En revisión la Resolución 010/2007 de 11 de mayo, cursante de fs. 67 a 68 vta., pronunciada por la Sala Social y Administrativa de la Corte Superior del Distrito Judicial de Cochabamba, dentro del recurso de amparo constitucional interpuesto por Em Ayala Vda. de Bustamante contra Gonzalo Terceros Rojas, Alcalde del Gobierno Municipal de la provincia Cercado del departamento de Cochabamba, alegando la violación de su derecho a la seguridad jurídica, reconocido por el art. 7 inc. a) de la Constitución Política del Estado (CPE); además de la vulneración -según dice- del principio de legalidad.

I. ANTECEDENTES CON RELEVANCIA JURÍDICA

I.1. Contenido del recurso

I.1.1. Hechos que motivan el recurso

La recurrente en el escrito presentado el 22 de agosto de 2006, que cursa de fs. 4 a 5 vta., manifiesta:

Como propietaria de un inmueble ubicado en la calle Punata 625, entre calle Lanza y av. República, ha visto restringido el ingreso a su garaje por parte de Fidelia Quisbert Illanes y Carmen Vargas Illanes, comerciantes que sin el menor reparo ampliaron la dimensión de sus casetas obstruyendo el ingreso normal que tenía, lo que motivó a que formule los reclamos respectivos ante el Concejo Municipal, instancia que después de verificar la veracidad de su denuncia y concederle audiencia el 1 de febrero de 2006, expidió la “conminatoria” (sic) 0151/06 por la que exigió al Ejecutivo Municipal que en el plazo de veinticuatro horas sea resuelto su problema.

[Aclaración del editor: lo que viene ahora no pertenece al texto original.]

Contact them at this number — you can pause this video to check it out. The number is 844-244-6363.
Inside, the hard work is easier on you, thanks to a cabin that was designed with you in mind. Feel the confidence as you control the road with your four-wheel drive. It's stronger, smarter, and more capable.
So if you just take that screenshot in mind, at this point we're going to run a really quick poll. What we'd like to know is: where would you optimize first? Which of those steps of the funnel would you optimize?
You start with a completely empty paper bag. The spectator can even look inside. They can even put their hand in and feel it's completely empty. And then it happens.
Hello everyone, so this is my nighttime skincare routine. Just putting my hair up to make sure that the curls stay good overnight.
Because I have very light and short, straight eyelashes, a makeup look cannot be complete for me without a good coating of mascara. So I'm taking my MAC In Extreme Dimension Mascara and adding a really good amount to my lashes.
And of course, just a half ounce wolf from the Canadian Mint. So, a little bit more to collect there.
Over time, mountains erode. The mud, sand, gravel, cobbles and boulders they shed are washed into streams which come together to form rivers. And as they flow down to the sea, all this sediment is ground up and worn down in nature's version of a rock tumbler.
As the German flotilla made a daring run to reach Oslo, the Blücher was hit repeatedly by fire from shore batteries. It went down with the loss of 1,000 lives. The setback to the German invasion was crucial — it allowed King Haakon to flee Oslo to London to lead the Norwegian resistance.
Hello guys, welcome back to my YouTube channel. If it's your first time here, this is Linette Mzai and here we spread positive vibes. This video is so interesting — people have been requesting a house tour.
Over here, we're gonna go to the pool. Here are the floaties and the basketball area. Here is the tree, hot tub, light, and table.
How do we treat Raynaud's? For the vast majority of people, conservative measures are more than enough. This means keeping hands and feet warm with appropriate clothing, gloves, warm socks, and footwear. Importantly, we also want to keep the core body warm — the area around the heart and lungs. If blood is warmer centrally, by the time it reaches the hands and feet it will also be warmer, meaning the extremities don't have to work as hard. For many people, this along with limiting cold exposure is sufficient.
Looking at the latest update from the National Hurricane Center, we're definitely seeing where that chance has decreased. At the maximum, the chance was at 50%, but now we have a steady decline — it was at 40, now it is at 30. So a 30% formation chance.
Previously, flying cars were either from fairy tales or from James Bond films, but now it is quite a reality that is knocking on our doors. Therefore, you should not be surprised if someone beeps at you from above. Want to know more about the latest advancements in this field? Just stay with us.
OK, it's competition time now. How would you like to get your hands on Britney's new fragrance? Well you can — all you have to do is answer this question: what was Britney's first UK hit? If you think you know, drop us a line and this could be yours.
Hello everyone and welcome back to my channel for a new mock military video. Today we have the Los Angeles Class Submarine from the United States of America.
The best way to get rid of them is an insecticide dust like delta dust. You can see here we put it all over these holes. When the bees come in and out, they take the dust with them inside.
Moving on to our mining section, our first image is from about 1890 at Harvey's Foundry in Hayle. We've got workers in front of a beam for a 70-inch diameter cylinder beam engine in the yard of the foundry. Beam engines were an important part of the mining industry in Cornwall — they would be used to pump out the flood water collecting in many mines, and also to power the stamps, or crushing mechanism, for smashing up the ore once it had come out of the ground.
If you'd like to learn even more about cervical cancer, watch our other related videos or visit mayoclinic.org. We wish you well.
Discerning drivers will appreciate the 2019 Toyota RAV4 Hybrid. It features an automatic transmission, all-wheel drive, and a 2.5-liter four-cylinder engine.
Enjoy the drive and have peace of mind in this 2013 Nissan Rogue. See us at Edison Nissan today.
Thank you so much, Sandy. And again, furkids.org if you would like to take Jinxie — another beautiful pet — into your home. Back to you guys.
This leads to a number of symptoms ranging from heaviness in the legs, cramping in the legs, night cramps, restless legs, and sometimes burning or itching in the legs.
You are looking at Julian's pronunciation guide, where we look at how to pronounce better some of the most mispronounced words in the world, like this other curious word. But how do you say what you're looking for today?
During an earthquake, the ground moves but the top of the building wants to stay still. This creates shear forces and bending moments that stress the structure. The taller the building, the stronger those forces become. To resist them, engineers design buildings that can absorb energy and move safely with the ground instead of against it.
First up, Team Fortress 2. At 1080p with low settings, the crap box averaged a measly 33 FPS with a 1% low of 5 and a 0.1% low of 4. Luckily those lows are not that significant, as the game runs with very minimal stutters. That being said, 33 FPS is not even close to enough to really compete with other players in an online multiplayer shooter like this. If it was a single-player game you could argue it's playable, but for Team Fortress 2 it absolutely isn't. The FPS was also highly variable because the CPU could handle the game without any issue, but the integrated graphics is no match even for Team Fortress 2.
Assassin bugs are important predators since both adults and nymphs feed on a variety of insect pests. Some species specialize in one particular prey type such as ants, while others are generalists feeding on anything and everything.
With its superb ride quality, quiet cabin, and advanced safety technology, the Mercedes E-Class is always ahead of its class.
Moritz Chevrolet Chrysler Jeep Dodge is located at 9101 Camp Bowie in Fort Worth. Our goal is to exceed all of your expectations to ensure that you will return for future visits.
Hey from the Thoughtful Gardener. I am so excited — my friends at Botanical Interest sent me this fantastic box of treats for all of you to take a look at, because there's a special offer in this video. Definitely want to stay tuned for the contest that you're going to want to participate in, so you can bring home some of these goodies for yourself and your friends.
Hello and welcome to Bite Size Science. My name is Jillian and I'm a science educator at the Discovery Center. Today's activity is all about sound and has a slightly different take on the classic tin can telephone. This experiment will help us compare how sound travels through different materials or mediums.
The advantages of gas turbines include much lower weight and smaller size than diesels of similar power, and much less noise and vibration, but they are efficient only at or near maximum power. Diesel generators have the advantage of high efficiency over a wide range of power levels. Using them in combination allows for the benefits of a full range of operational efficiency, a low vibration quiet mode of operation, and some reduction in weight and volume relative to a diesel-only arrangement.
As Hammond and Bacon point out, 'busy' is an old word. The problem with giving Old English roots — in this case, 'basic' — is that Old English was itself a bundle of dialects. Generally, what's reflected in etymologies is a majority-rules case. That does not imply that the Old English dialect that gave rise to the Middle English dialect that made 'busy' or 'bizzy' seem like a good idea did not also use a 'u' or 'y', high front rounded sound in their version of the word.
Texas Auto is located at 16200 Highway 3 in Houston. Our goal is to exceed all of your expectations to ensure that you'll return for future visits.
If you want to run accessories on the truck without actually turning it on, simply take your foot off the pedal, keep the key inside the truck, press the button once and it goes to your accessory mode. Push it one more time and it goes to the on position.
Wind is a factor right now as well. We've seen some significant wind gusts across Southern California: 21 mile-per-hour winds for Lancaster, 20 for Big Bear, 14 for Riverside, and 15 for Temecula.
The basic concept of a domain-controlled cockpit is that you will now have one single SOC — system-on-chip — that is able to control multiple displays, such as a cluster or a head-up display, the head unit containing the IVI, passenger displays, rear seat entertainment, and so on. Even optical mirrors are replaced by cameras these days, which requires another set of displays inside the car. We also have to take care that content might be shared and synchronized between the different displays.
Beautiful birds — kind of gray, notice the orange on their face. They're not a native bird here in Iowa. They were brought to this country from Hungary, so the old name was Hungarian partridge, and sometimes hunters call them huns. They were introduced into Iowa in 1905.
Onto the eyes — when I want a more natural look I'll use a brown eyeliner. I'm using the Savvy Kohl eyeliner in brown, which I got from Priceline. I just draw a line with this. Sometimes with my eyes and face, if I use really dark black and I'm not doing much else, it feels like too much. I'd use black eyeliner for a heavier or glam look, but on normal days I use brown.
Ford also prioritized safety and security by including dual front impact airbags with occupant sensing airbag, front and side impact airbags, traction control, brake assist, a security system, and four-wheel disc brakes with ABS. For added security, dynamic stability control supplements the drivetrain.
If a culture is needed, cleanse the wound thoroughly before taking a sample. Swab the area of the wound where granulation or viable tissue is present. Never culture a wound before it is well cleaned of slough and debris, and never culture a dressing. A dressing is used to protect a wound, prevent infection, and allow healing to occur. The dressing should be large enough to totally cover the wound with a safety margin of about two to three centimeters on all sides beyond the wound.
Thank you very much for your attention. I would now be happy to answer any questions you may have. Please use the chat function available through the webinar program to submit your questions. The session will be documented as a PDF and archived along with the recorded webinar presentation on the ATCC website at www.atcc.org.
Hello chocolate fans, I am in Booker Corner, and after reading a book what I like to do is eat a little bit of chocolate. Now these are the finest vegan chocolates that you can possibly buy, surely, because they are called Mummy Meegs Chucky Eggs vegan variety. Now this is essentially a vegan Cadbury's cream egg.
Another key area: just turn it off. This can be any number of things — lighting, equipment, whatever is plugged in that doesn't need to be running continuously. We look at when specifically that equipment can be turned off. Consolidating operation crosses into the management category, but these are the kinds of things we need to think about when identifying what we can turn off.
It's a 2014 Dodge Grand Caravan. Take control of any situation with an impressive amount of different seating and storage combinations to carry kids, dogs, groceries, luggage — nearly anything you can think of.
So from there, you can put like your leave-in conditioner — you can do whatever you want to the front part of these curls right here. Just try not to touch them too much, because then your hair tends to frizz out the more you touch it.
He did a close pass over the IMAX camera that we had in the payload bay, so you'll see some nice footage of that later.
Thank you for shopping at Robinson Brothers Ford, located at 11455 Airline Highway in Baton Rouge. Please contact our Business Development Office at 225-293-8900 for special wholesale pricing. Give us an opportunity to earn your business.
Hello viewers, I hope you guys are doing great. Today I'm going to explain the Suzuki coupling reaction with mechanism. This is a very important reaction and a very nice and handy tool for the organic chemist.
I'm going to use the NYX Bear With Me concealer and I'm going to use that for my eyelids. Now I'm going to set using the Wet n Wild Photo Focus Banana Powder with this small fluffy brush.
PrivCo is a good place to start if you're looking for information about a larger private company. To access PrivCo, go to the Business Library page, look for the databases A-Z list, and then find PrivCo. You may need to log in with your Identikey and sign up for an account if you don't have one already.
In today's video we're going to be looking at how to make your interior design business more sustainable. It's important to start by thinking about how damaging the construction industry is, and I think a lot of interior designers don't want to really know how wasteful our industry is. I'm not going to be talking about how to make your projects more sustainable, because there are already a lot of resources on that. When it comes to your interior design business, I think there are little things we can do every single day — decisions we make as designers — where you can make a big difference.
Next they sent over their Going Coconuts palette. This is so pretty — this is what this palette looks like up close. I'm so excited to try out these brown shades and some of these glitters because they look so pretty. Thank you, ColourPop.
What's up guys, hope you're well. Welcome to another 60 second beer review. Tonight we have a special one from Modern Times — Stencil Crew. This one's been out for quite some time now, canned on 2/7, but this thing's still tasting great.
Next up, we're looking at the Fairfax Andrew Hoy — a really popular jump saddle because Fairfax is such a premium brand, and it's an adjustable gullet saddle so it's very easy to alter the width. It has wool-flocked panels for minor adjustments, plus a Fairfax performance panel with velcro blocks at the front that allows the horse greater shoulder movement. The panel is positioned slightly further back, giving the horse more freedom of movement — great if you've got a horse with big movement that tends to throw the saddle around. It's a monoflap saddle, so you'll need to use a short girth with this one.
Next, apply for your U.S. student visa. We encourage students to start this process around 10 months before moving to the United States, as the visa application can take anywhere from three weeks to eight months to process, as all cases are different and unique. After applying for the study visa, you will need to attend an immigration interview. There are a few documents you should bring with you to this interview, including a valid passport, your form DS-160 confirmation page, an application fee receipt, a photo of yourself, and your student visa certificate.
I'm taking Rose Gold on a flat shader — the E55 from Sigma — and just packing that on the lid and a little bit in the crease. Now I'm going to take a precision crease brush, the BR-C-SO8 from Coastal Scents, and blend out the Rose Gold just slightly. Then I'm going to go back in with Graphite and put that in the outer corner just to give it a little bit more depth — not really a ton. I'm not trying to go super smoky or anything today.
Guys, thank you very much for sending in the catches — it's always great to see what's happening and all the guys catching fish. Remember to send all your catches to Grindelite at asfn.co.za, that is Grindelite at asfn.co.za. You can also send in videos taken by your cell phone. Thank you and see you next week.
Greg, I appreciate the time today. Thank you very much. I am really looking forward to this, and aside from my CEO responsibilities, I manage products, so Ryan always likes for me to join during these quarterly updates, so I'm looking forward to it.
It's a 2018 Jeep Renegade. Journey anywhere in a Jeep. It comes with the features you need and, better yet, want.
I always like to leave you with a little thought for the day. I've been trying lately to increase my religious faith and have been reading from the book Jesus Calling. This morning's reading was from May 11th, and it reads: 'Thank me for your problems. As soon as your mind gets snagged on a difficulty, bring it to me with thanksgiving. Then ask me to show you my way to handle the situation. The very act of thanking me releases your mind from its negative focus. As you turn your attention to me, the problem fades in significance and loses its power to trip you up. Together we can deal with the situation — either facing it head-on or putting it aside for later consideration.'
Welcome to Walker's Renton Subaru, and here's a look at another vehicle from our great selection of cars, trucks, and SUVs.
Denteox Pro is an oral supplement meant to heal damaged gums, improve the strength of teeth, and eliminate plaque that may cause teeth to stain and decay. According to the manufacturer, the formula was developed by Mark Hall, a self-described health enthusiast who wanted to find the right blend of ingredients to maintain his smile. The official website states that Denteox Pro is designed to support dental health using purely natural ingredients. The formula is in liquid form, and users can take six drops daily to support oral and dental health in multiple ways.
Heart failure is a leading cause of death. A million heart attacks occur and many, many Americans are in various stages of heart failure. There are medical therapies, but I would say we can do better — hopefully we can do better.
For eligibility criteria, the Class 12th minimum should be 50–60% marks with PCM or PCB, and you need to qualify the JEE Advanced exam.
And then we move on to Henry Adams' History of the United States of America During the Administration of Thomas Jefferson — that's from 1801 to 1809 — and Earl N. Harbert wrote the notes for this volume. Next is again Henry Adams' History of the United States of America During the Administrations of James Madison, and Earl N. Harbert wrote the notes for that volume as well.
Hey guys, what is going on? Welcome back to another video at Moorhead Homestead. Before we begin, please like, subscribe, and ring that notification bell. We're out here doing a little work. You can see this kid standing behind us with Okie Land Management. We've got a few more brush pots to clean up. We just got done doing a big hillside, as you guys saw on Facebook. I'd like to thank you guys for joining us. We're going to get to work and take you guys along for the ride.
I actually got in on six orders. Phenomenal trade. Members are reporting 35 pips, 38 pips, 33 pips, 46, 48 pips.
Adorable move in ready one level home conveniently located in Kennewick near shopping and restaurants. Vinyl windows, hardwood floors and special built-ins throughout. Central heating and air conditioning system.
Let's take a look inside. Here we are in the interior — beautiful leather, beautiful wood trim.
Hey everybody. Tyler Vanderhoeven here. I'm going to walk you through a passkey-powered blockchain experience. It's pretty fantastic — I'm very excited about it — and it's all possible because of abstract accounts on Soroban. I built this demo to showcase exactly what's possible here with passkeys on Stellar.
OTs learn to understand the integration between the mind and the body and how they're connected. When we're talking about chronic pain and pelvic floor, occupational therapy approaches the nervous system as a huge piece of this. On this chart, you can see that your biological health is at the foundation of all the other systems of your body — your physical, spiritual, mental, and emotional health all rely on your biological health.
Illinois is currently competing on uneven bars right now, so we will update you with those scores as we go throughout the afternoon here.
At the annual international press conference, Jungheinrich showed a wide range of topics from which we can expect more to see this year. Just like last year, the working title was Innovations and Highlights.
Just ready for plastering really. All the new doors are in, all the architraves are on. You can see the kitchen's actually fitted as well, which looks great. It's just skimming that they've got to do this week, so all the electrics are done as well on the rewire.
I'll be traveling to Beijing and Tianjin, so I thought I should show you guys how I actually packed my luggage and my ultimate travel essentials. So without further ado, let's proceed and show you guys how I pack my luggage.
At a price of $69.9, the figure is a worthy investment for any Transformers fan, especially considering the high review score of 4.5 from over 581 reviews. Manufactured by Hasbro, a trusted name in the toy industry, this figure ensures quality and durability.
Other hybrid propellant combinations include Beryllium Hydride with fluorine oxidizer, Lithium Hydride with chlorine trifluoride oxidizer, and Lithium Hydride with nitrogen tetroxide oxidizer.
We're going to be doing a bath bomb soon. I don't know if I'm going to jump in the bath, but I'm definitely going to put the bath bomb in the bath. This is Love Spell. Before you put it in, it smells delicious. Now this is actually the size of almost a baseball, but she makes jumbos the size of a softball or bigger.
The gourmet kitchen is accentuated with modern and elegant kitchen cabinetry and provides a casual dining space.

Posteriormente, el 22 de febrero de 2006, las personas que cometieron el aludido atropello, solicitaron audiencia al pleno del Concejo Municipal, a quienes se les rechazaron sus argumentos, reiterándose, por el contrario, la exigencia de resolver su problema y la conminatoria de 1 de febrero de 2006.

A pesar de los ruegos e insistencia ante las oficinas del Gobierno Municipal y pese a que el Concejo Municipal emitió dos conminatorias al efecto, hasta la fecha no se ha resuelto su problema, sin habérsele dado información o respuesta sobre el tema, haciendo caso omiso, además, a la normativa municipal.

I.1.2. Derecho supuestamente vulnerado

La recurrente indica que se ha vulnerado su derecho a la seguridad jurídica, reconocido por el art. 7 inc. a) de la CPE, además del principio de legalidad.

I.1.3. Autoridad recurrida y petitorio

La recurrente dirige el recurso de amparo constitucional contra Gonzalo Terceros Rojas, Alcalde del Gobierno Municipal de la provincia Cercado del departamento de Cochabamba, solicitando que se le conceda el recurso impetrado y se conmine al Alcalde que cumpla con “las instructivas” 0151/06 y 0435/06 emitidas por el Concejo Municipal.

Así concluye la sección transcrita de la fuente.